« Il y a la mémoire gestuelle », explique Christian Davron de l'association Les Amis de Gutenberg. Lors des visites du musée-atelier de l'imprimerie de Charmont-sous-Barbuise dans l'Aube (10), on découvre le monde de l'imprimerie et son histoire, et notamment celle de la méthode Freinet.
Au début du 20e siècle, Célestin Frenet était instituteur dans le village de Bar-sur-Loup, près de Grasse. Constatant que les enfants avaient plus ou moins de mal pour l'apprentissage, il mit au point une méthode d'assimilation par les gestes, grâce à l'impression typographique.

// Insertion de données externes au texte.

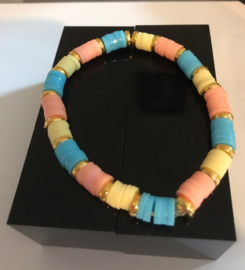 roze, geel en blauwe heishi armband 16 cm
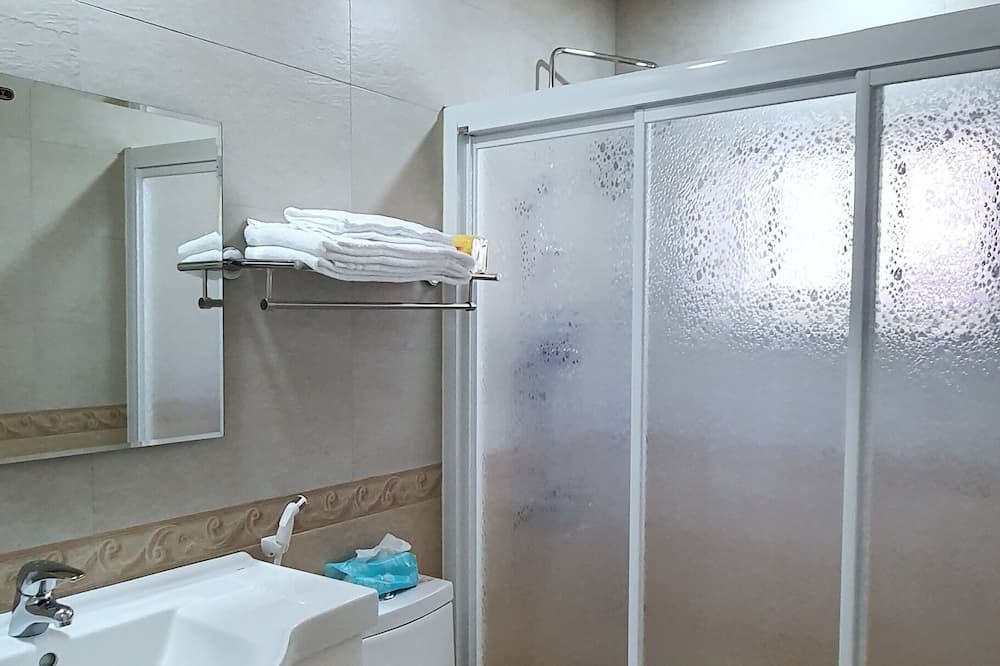 Photo of Bathroom in Lugu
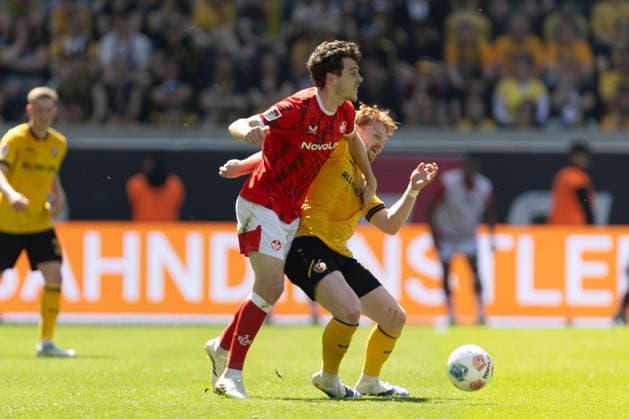 GER, Dresden, Soccer, 2 Bundesliga, Matchday 32, SG Dynamo Dresden vs 1 FC Kaiserslautern pictured from l Jakob Rasmussen 1 FC Kaiserslautern 14 , Robert Wagner SG Dynamo Dresden 18 , Zweikampf 02 05 2026, Rudolf Harbig Stadion Dresden DFB DFL REGULATIONS PROHIBIT ANY USE OF PHOTOGRAPHS AS IMAGE SEQUENCES AND OR QUASI VIDEO, Copyright: HMBxMedia PaulxFritz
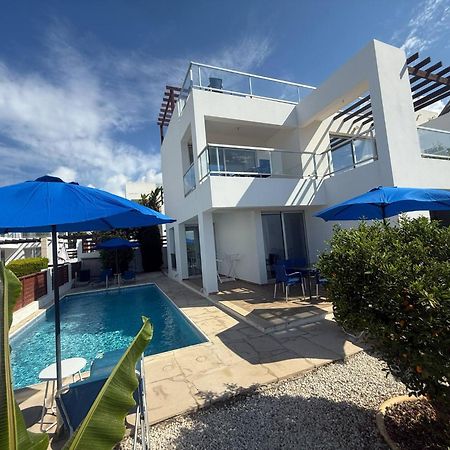 Villa Aqua Sunrise 1Km From Beach With Sea Views Coral Bay Buitenkant foto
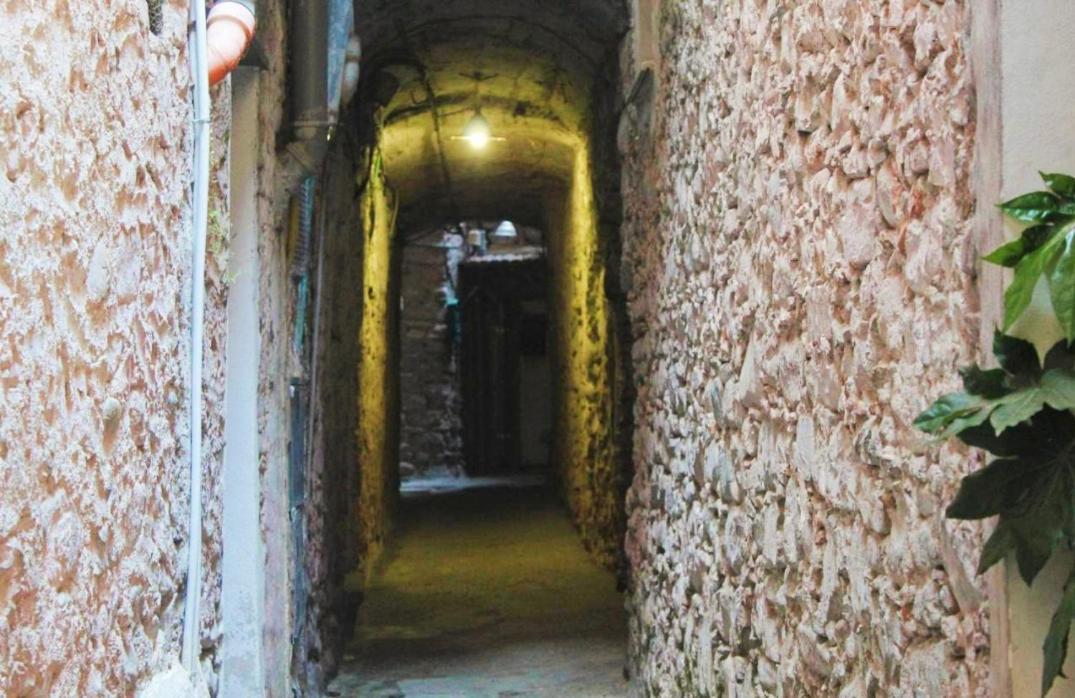 Ferienwohnung A Casa Di Fede Dolceacqua Exterior foto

« Les enfants composaient leurs lettres et leurs phrases. Avec un composteur par ligne ils faisaient des textes et imprimaient ensuite leurs revues sur de petites presses de l'époque », explique Christian Davron. Les enfants dès cinq ans imprimaient leurs rédactions, leurs devoirs, ou encore leurs impressions après une promenade.

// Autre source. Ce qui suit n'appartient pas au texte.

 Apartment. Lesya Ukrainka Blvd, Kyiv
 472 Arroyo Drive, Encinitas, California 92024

Musée de Charmont dans L'Aube.
Dans un article intitulé « L'éducation par la typographie » paru dans le journal L'Eclaireur de Nice et du Sud-Est le 6 juillet 1926, Célestin Frenet explique au journaliste venu l'interroger l'origine de sa démarche.
« J'emmène volontiers mes gosses en promenade, nous observons ensemble les gens et les choses que nous rencontrons en route ; puis, une fois rentrés à l'école, il faut cristalliser ces impressions successives sous la forme d'une rédaction. Autrefois, nous écrivions notre histoire au tableau noir. Évidemment, cela apprenait aux enfants l'écriture manuscrite, mais ne laissait dans leur petit cerveau aucune trace réellement forte et durable. »
L'idée de Frenet est donc de passer du tableau noir à l'impression. Et d'après son témoignage, le résultat est stupéfiant !
« C'est à ne pas y croire ! Les plus jeunes, ceux de cinq ans, s'y mettent avec autant de facilité que leurs aînés. En très peu de temps, ils se débrouillent avec une aisance stupéfiante. Et maintenant, n'allez pas vous imaginer que leurs travaux d'impression les dégoûtent ou les détournent de l'enseignement ordinaire. Au contraire, ils me demandent eux-mêmes à travailler leur calcul, leur histoire. »
L'histoire se passe en 1926. Célestin Frenet est alors un jeune instituteur de vingt-neuf ans, mutilé de guerre, qui mène ses premières expériences éducatives. Quelques années plus tard, il deviendra un pédagogue mondialement connu dont les méthodes se perpétuent encore aujourd'hui.